Donc, nous sommes fondés à considérer Canelle comme le meilleur joueur français des années 1900.

Une bourse linguistique lui fait découvrir le football anglais à West Norwood

Fernand Canelle est né à Paris le 2 janvier 1882, et fit partie du petit noyau de collégiens de Chaptal qui, en 1893, fondèrent un club officieux (car non déclaré et non affilié), intitulé l’Etoile Sportive Parisiennne : voici le témoignage de Georges Duhamel, auteur de la plaquette ô combien précieuse pour connaître l’histoire du football français : Le Football Français, ses débuts (1931). Pour mémoire, Géo Duhamel (1879-1965) fut un des pionniers et l’archiviste érudit de la Ligue de Paris. Il écrit donc ceci : « Au début de 1893, avec des élèves du collège Chaptal, nous créâmes un groupement, l’Etoile. Là, je rencontrai Fernand Canelle — son père était le président —, qui, après un séjour à West Norwood, revint à Paris. »

Norwood était un club des faubourgs londoniens attaché à la prestigieuse public school d’Eton, et le jeune Fernand avait profité d’une des bourses que le Conseil municipal de Paris accordait pour financer des séjours linguistiques en Angleterre. En 1900, le capitaine de l’équipe du Norwood and Selhurst FC, en visite à Paris, déclarait : « Canelle est une vieille connaissance, n’a-t-il pas fait son éducation sportive au Norwood FC ? J’ai été son mentor et suis heureux de constater qu’il se classe parmi les meilleurs avants de France. »

Vainqueur de la Coupe Manier avec le Club Français à 15 ans

Vous avez noté : avants. Car en 1900, Canelle est un ailier gauche classique, qui file comme un zèbre dans le couloir gauche et délivre des centres à qui mieux mieux. Le goût du football, il l’avait pris à l’Etoile, qui avait bien vite fusionné avec le Club Français (ainsi dénommé par opposition aux premiers clubs créés en France, tous anglais : le Standard AC et les White Rovers) ; mais la pratique du jeu, il l’avait acquise à Norwood, au contact des Anglais qui, on le rappelle, avaient développé le jeu dans leurs écoles depuis 1855 environ, soit plus de 35 années avant les Français !
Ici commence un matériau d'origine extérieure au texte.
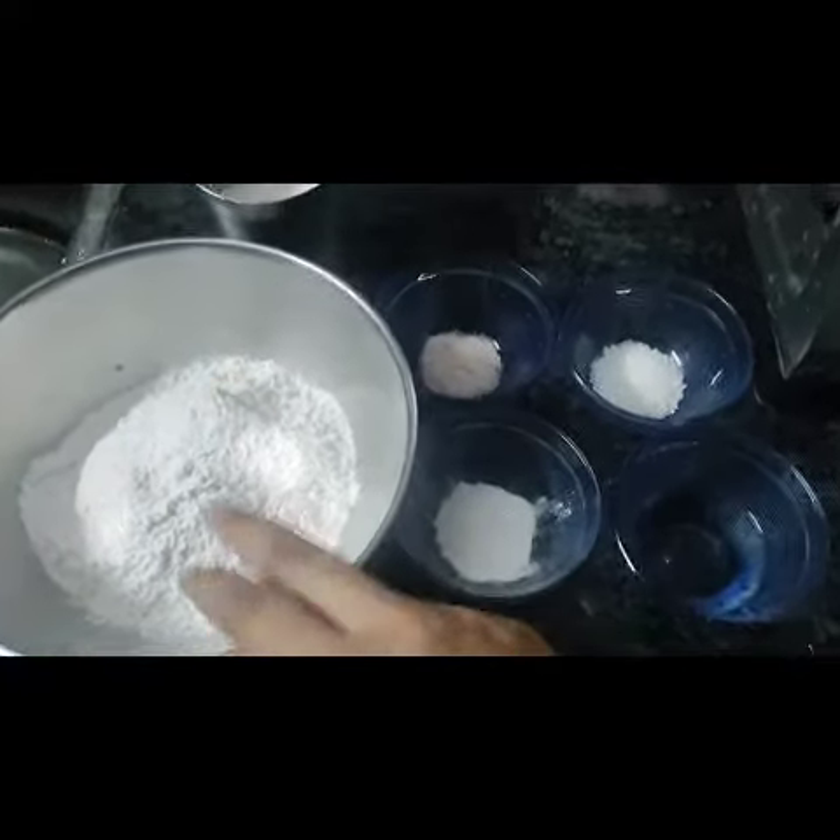I am going to add them one by one — salt, sugar, baking powder, baking soda, and two tablespoons of oil. I am going to add it.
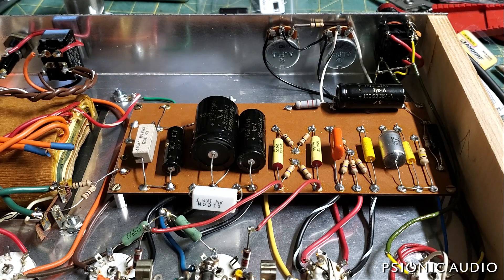The amp no longer buzzes, it no longer hums, it's no longer a fire hazard, and I think the owner is going to be very happy.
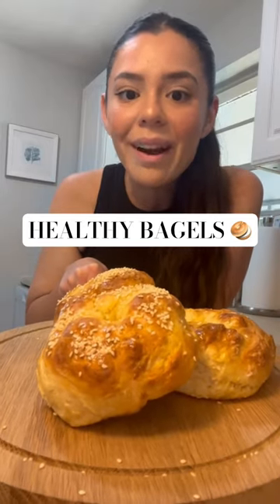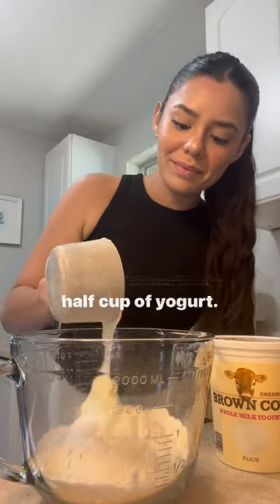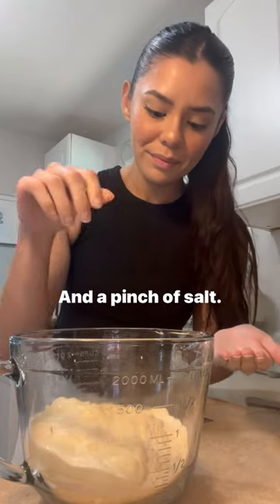I'm going to show you how to make three ingredient healthy bagels. You'll need one cup of flour, one teaspoon of baking soda, half cup of yogurt, and a pinch of salt.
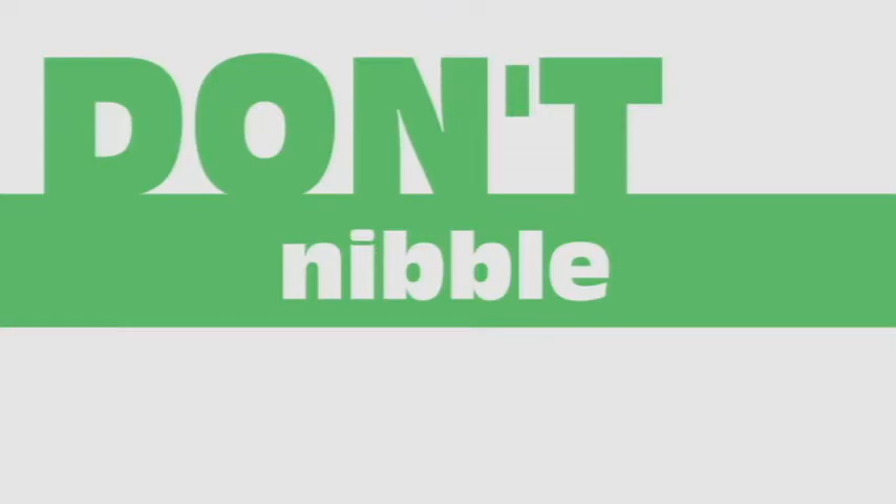Sushi was designed to be finger food, so it's totally okay to use your fingers. But don't bite the sushi in half. They're meant to be one-bite pieces, so please eat the whole piece, and if it is too big for you, ask the chef to cut it in half for you.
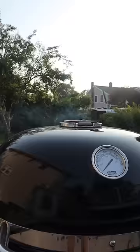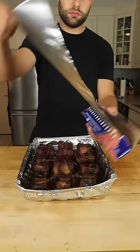Applewood, low and slow. Two hours later, dark beer braising liquid and pop it in the oven.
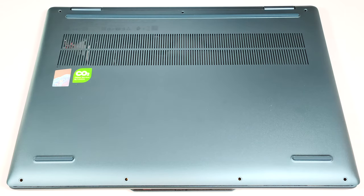Hello, this is Nick from Laptop Media and today we will show you how to open the 14-inch Lenovo Yoga 7i 2-in-1 Gen 9.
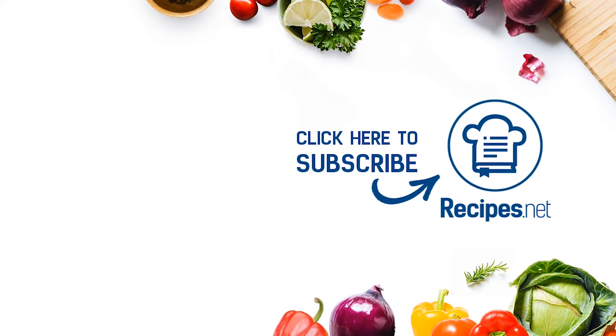Don't forget to hit like, subscribe, and turn on that notification bell to catch more easy and tasty dishes to try at home.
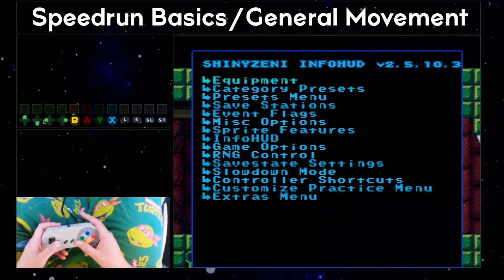Next up, let's talk about ledge grabs. In order to understand how ledge grabs work, we need to talk about Samus' hitbox and how it changes depending on what action or pose she is in. The practice ROM has a few types of hitbox viewers — come to Sprite Features, Show Samus Hitbox, and turn that to On. Samus' hitbox is usually a vertical rectangle covering the mid portion of her sprite, and it adjusts in size as you do things like crouch, morph, spin jump, and shine spark.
Plusieurs joueurs du Club Français avaient suivi ce cursus, dont le capitaine, Charles Bernat (né en 1876), qui avait étudié au Saint Joseph College de Dumfries, en Ecosse, avant de revenir terminer ses études au lycée Janson de Sailly à Paris, autre centre névralgique du football parisien avec les collèges Chaptal et Rollin ou l’école Monge. Cette expérience anglaise contribua au développement du football en France, et à l’hégémonie du Club Français dans le championnat de Paris, créé en 1894. Canelle n’était encore qu’en équipe seconde en 1896, mais gagna la Coupe Manier en 1897 (il avait donc 15 ans à peine) – la Coupe Manier obligeant les clubs à n’aligner que trois étrangers, alors que la majorité des clubs parisiens en comportaient dix, voire onze !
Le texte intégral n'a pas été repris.